The records below are to be written out exactly, with every picture omitted.

MATERIAL PROVIDED =>
####

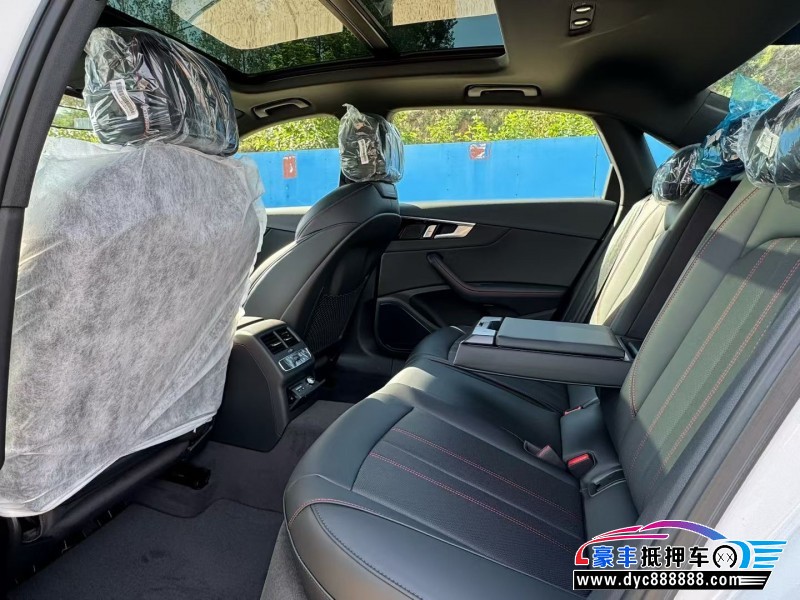 25年奥迪A4L轿车抵押车出售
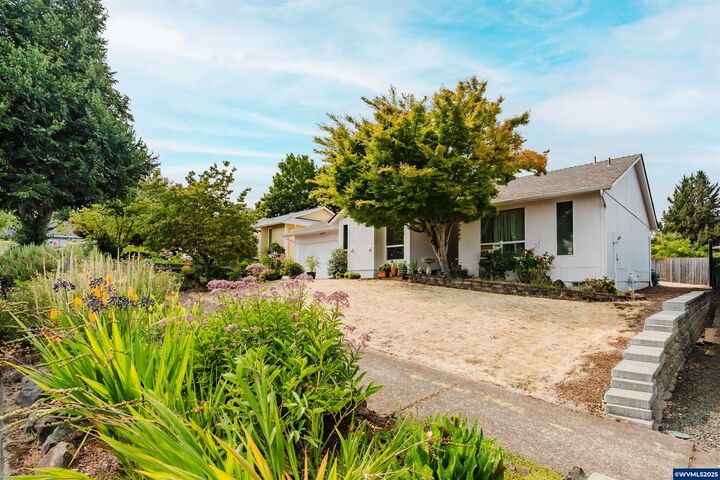 Property Photo: 2669 Ojai NW Dr OR 97304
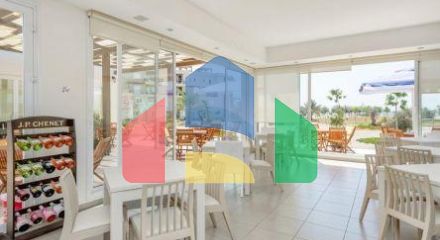 4-комнатные апартаменты 94 м2 в СПА - комплексе в 100 метрах от песчаного пляжа. 4-комнатные апартаменты 94 м2 в СПА - комплексе в 100 метрах от песчаного пляжа.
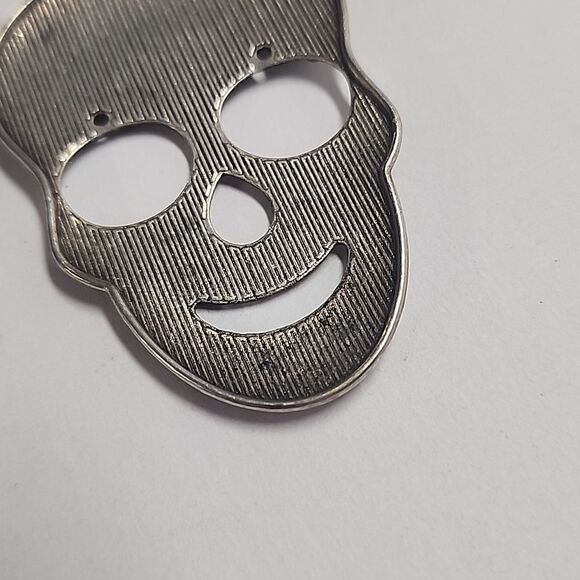 Gothic Sugar Skull Pendant Silver Tone - Picture 4 of 4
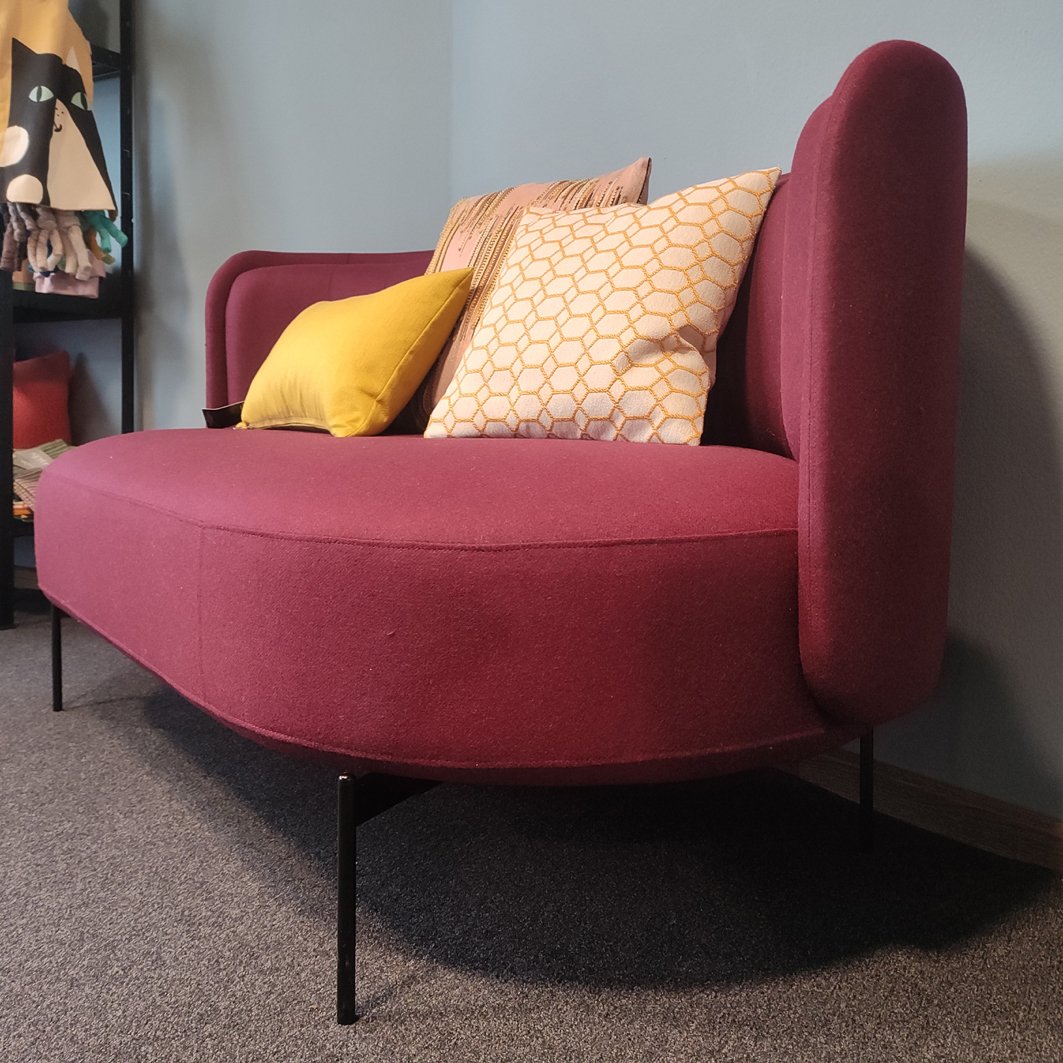 diewohnerei-softline-joe-sofa-laden1.jpg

####

TASK SOLUTION =>
 25年奥迪A4L轿车抵押车出售
 Property Photo: 2669 Ojai NW Dr OR 97304
 4-комнатные апартаменты 94 м2 в СПА - комплексе в 100 метрах от песчаного пляжа. 4-комнатные апартаменты 94 м2 в СПА - комплексе в 100 метрах от песчаного пляжа.
 Gothic Sugar Skull Pendant Silver Tone - Picture 4 of 4
 diewohnerei-softline-joe-sofa-laden1.jpg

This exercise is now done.